De laterale begrenzing is een rechte lijn van 52°12’18.66”NB 005°07’09.97”OL naar 52°13’24.51”NB 005°12’35.87”OL, met de klok mee langs een cirkelboog (straal 3 NM, middelpunt 52°11’31.00”NB 005°08’49.00”OL) naar 52°08’45.61”NB 005°06’54.48”OL en met een rechte lijn naar punt van begin

 

De verticale grenzen zijn:

1. ondergrens: 1200 ft AMSL

2. bovengrens: 3500 ft AMSL

   

c. Hoogeveen

De laterale begrenzing is een cirkel met een straal van 3 NM rond middelpunt 52°43’51.00”NB 006°30’58.00”OL

 

De verticale grenzen zijn:

1. ondergrens: 1200 ft AMSL

2. bovengrens: 3500 ft AMSL

   

d. Lemelerveld

De laterale begrenzing is een cirkel met een straal van 3 NM rond middelpunt 52°28’04.00”NB 006°19’58.00”OL

 

De verticale grenzen zijn:

1. ondergrens: 1200 ft AMSL

2. bovengrens: 3500 ft AMSL

   

e. Terlet

De laterale begrenzing is gelijk aan de begrenzing van de Deelen CTR

 

De verticale grenzen zijn:

1. ondergrens: 3000 ft AMSL

2. bovengrens: FL 045 met dien verstande dat het gebied incidenteel per NOTAM kan worden opgehoogd naar FL 065

   

f. Twenthe

De laterale begrenzing is een cirkel met een straal van 3 NM rond middelpunt 52°16’32.99”NB 006°53’20.76”OL

 

De verticale grenzen zijn:

1. ondergrens: 1200 ft AMSL

2. bovengrens: 3500 ft AMSL

   

g. Soesterberg

De laterale begrenzing is een cirkel met een straal van 3 NM rond middelpunt 52°08’02.36”NB 005°15’51.21”OL

 

De verticale grenzen zijn:

1. ondergrens: 1200 ft AMSL

2. bovengrens: 3500 ft AMSL

   

h.
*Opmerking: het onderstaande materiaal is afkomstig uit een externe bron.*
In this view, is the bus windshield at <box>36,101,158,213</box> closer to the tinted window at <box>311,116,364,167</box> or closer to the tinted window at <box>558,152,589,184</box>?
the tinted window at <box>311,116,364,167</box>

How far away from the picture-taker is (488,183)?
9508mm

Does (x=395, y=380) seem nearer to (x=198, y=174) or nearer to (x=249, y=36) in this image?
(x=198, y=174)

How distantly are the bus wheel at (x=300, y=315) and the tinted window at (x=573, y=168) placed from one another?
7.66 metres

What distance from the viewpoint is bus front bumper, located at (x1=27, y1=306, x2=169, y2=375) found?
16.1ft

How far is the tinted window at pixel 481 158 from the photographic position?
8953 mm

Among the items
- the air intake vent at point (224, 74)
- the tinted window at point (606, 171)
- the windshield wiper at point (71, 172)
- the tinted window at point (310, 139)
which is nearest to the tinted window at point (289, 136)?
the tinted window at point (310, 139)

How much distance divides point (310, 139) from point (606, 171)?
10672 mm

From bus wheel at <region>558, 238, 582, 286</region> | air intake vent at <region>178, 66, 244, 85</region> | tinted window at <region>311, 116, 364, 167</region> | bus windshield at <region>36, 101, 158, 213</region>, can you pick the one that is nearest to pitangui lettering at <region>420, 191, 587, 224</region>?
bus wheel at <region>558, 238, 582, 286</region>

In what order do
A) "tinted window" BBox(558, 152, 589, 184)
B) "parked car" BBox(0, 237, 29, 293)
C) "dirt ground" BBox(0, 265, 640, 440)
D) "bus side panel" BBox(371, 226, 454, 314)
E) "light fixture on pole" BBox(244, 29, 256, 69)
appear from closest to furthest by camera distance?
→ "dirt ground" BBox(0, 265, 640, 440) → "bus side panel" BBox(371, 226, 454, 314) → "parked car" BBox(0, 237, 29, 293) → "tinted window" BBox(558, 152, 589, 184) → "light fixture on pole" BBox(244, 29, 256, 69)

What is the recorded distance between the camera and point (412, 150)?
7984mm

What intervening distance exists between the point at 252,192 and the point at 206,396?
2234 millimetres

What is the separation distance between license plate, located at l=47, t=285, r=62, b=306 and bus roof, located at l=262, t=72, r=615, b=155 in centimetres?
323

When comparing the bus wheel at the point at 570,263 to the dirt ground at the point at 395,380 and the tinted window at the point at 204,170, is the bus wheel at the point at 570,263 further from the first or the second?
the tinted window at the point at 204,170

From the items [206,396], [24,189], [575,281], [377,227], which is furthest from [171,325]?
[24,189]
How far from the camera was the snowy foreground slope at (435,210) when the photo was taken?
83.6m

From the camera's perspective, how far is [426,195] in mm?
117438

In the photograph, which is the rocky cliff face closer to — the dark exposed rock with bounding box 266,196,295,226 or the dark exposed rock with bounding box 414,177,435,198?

Venlo

De laterale begrenzing is het in Nederland gelegen deel van een cirkel met een straal van 6,5 NM rond middelpunt 51°21’47.00”NB 006°12’58.00”OL

 

De verticale grenzen zijn:

1. ondergrens: 2500 ft AMSL

2. bovengrens: 3500 ft AMSL

 

TFZ Venlo is actief vanaf vrijdag 17.00 uur lokale tijd tot maandag 09.00 uur lokale tijd en op officiële feestdagen

   

i. ATZ Valkenburg

De laterale en verticale grenzen zijn gelijk aan de ATZ Valkenburg.

   

j. Valkenburg

De laterale en verticale grenzen zijn gelijk aan het zweefvlieggebied Valkenburg.

   

k. Hoek van Holland

De laterale en verticale grenzen zijn gelijk aan het zweefvlieggebied Hoek van Holland.

   

l. Castricum 2

De laterale en verticale grenzen zijn gelijk aan het zweefvlieggebied Castricum 2.